Inevitable trajectory of type 2 diabetes
Antihyperglycaemic therapy in type 2 diabetes
Incretin therapies
SGLT2 inhibitors





Management of diabetes can sometimes be a balancing act between the benefits of treatment versus the risks. On one side we are trying to provide symptomatic relief for our patients, avoid admission into hospital and reduce risk of complications, but we are also trying to avoid hypoglycaemia, medication side effects and weight gain.

A key question is does glycaemic control reduce complications? There have been a number of glycaemic interventions studies looking into this (Figure 1) and all showed a reduction in microvascular complications, but not always cardiovascular complications.

The Diabetes Control and Complications Trial (DCCT), a randomised controlled clinical trial, and the succeeding observational follow-up of the DCCT cohort in the Epidemiology of Diabetes Interventions and Complications (EDIC) study, looked at the effects of intensive treatment on the microvascular complications of type 1 diabetes mellitus.

The DCCT proved that intensive treatment reduced the risks of retinopathy, nephropathy, and neuropathy by 35% to 90% compared with conventional treatment. The absolute risks of retinopathy and nephropathy were proportional to the mean glycosylated hemoglobin (HbA1c) level over the follow-up period preceding each event.

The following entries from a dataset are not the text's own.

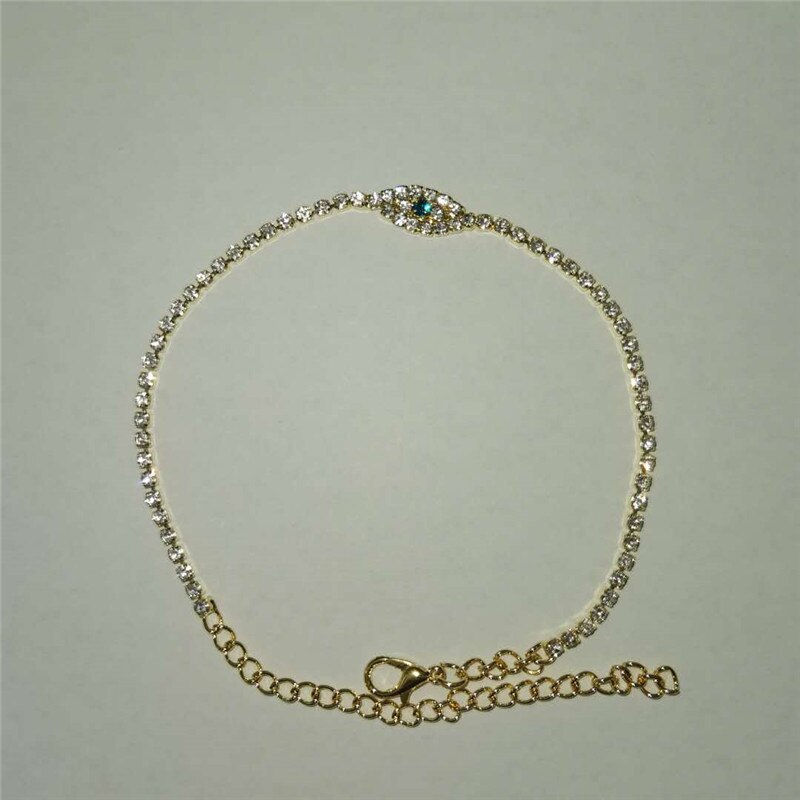 Blue Crystal Evil Eye Crystal Enkelbanden Voor Vrouwen Zomer Strand Barefoot Tennis Vrouwen Keten Enkelband Chain Sieraden Accessoires: Goud-kleur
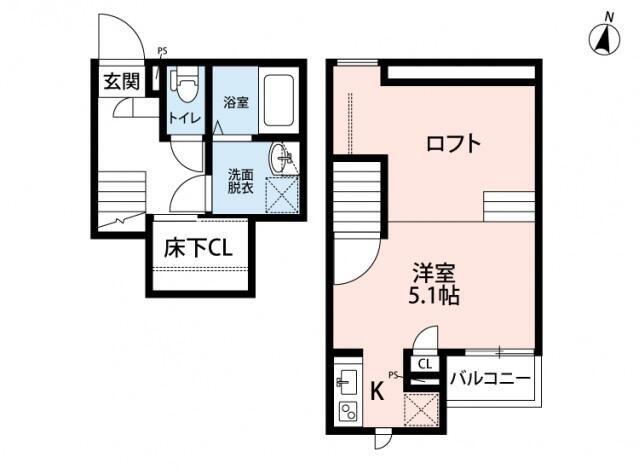 CB春日部ルーチェ(1K/1階)の間取り写真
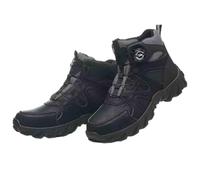 HANCHE Mid-Top Work Safety Shoes, Button-Down Lace Labour Insurance Shoes, Anti-Smash And Anti-Puncture Steel Toe Shoes, Outdoor Adventure Sneakers(Black,45 EU)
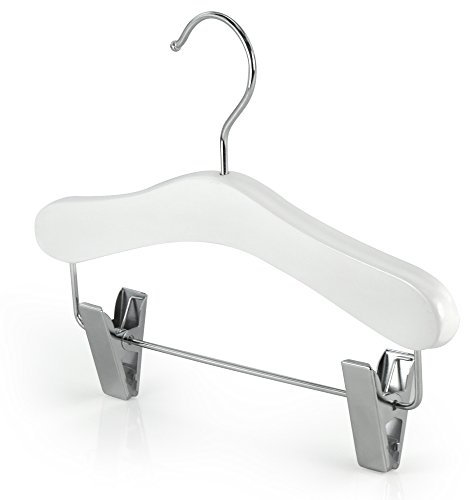 Hangerworld 12 hochwertige Holz Kleiderbügel mit Klemmen für Baby- und Kinderkleidung - WEISS ca. 25 cm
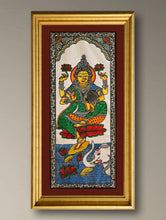 Load image into Gallery viewer, Handpainted Pattachitra Silk Painting - Padma Lakshmi (Unframed with mount 20.5" X 9.5")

Intensive treatment was most effective when begun early, before complications were detectable.

It concluded that intensive treatment should be started as soon as is safely possible after the onset of type 1 diabetes mellitus and maintained thereafter, aiming for a practicable target HbA1c level of 7.0% or less.1

A 2005 update looked at whether the use of intensive therapy as compared with conventional therapy affected the long-term incidence of cardiovascular disease. It found that intensive diabetes therapy has long-term beneficial effects on the risk of cardiovascular disease in patients with type 1 diabetes.2



One of the biggest risks to patients with diabetes is hypoglycaemia, especially in older patients. There are multiple causes and patients with tight control can have symptoms of hypos and be prone to collapse without warning. Family and friends should therefore be trained in the use of treatments such as IM glucagon and glucogel.

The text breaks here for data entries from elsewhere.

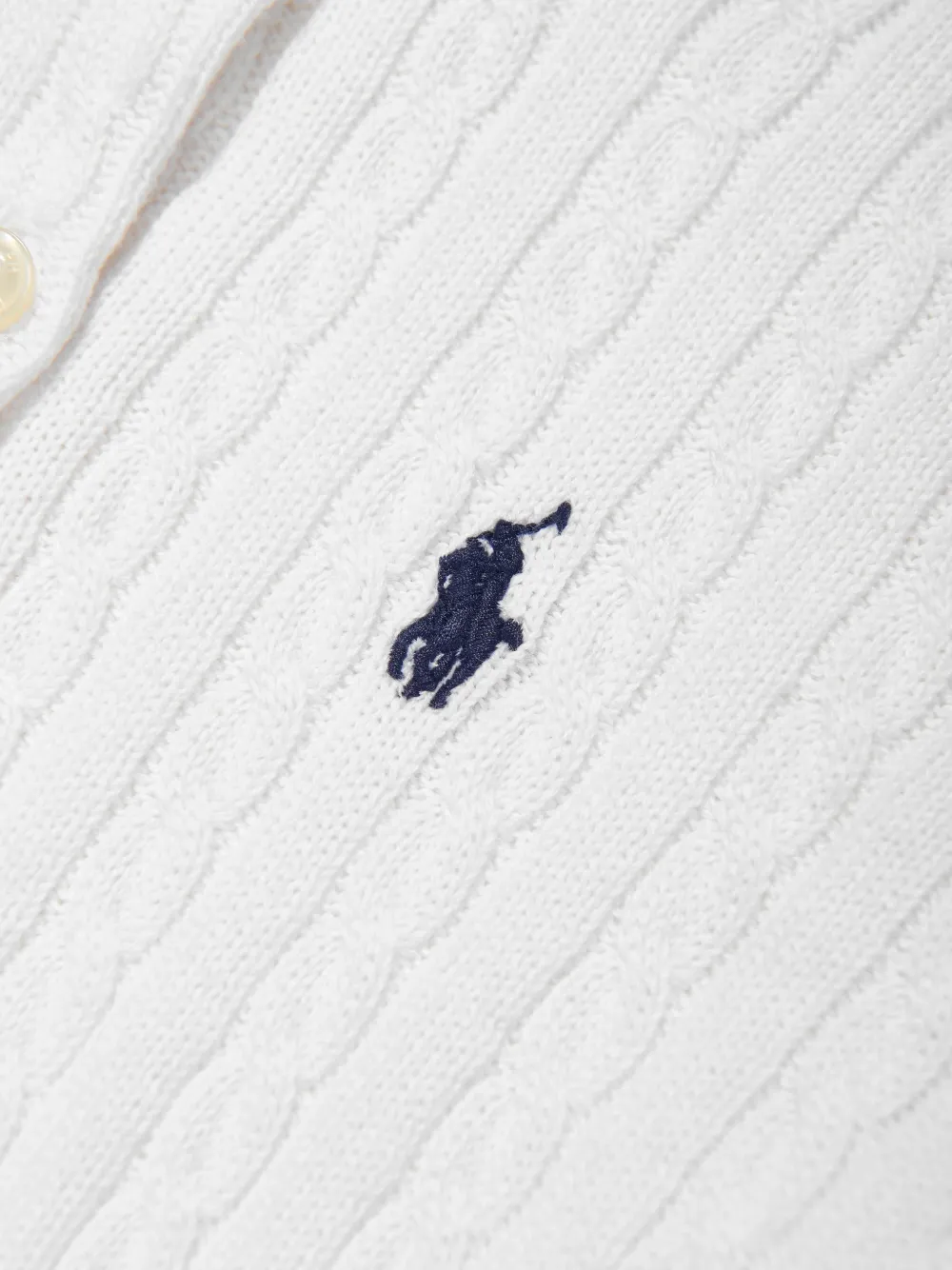 POLO RALPH LAUREN KIDS Kabelgebreid vest met logo Wit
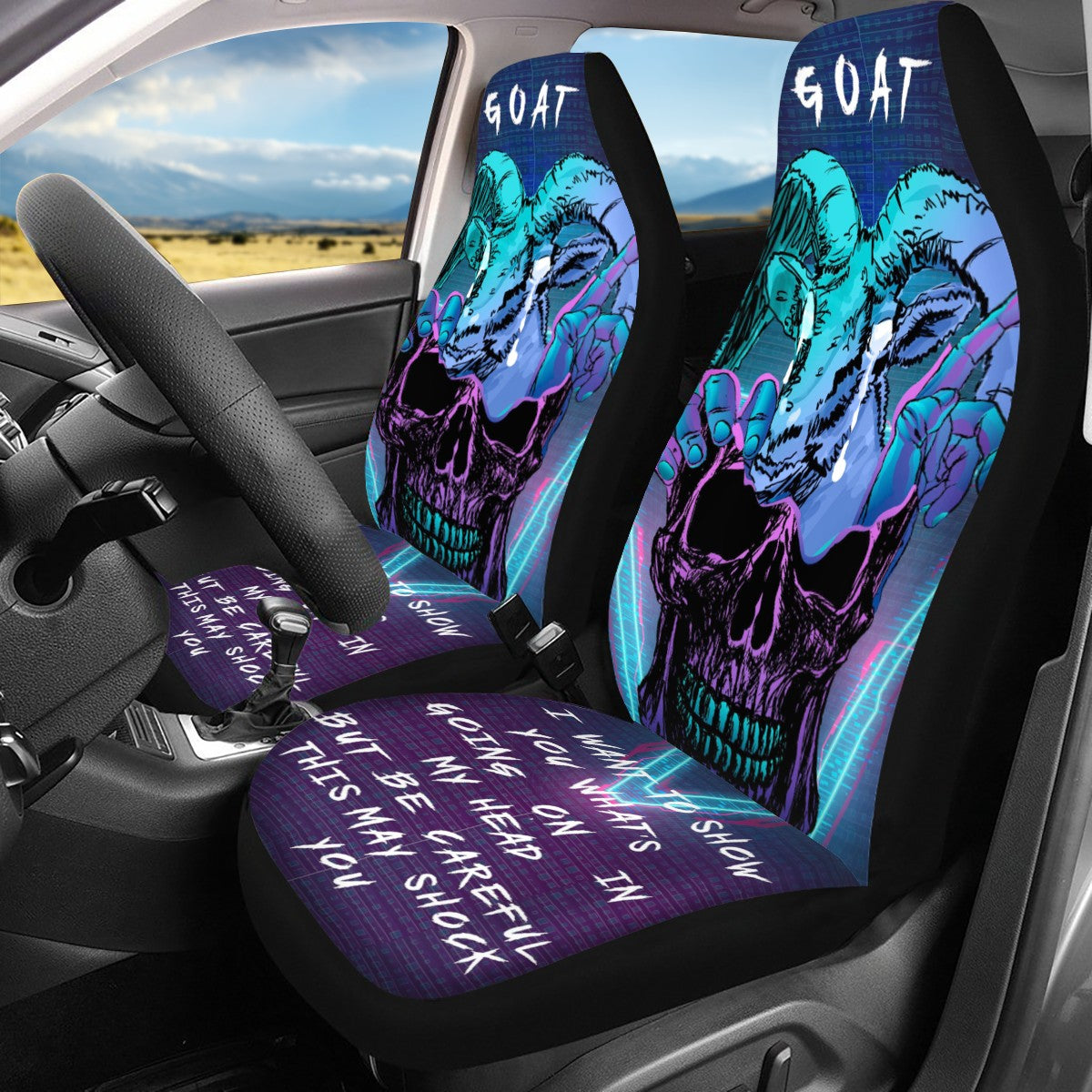 Goat Custom 4Pcs Car Seat Covers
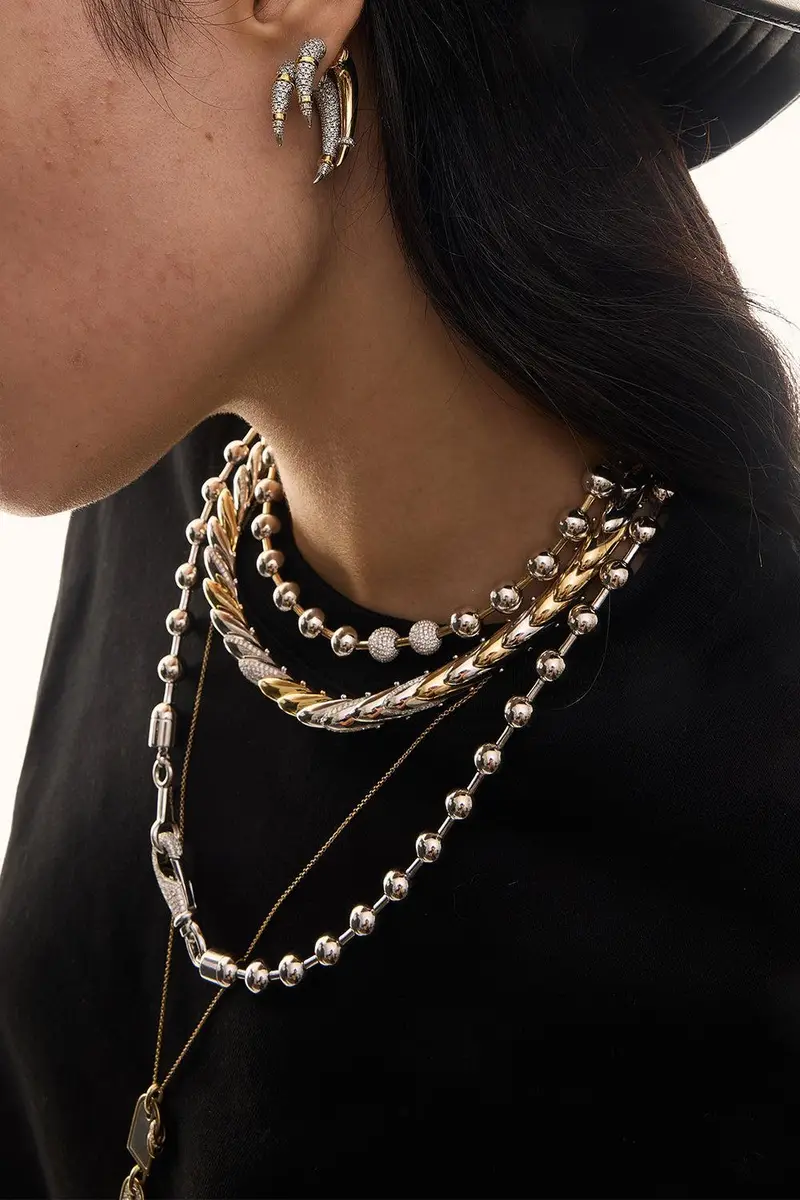 Rainbow K Diamond Ball Necklace | Thumbnail 3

There should be a review with the diabetes care team following hypoglycaemia. The morbidity of hypoglycaemia is affected by age and can include neurological effects such as coma, seizures, psychological and cognitive dysfunction. It can also have cardiovascular effects in the form of myocardial ischaemia and cardia arrhythmias. Musculoskeletal effects come in the form of falls and accidents, fractures, dislocations and driving mishaps.

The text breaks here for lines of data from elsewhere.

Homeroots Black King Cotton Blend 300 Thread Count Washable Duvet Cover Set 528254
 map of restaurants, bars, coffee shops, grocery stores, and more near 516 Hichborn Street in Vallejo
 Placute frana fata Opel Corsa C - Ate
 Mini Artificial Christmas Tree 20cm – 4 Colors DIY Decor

Inevitable trajectory of type 2 diabetes

These is an inevitable trajectory of type 2 diabetes and the typical patterns of progression for glucose levels, insulin resistance, and beta-cell function in patients with type 2 diabetes.3

A characteristic finding in type 2 diabetes is insulin resistance. This is thought to be influenced by genetic and, perhaps, congenital factors and may be augmented by acquired or environmental factors, such as obesity, sedentary lifestyle, and ageing.3

Stages of progression include prediabetes, clinical diagnosis and overt type 2 diabetes. Most studies support that insulin resistance precedes hyperglycaemia and in the early stages of type 2 diabetes, glucose levels remain normal due to increased insulin secretion (hyperinsulinaemia) via compensatory beta cells.3

Over time, beta cells can no longer compensate by maintaining a hyperinsulinaemic state, leading to increased levels of postprandial plasma glucose (PPG) and increased hepatic glucose production.3 Continued decline in beta-cell function and insulin resistance result in overt diabetes, with elevated fasting plasma glucose (FPG) levels above 6.9mmol/l.3



Antihyperglycaemic therapy in type 2 diabetes: general recommendations

In most patients, therapy begins with lifestyle changes and then metformin monotherapy is added at, or soon after, diagnosis (unless there are explicit contraindications). If the HbA1c target is not achieved after three months, then one of five treatment options combined with metformin and sulfonylurea are considered. These are thiazolidinediones, dipeptidyl peptidase-4 (DPP-4) inhibitors, glucagon-like peptide (GLP)-1 receptor agonists, or basal insulin.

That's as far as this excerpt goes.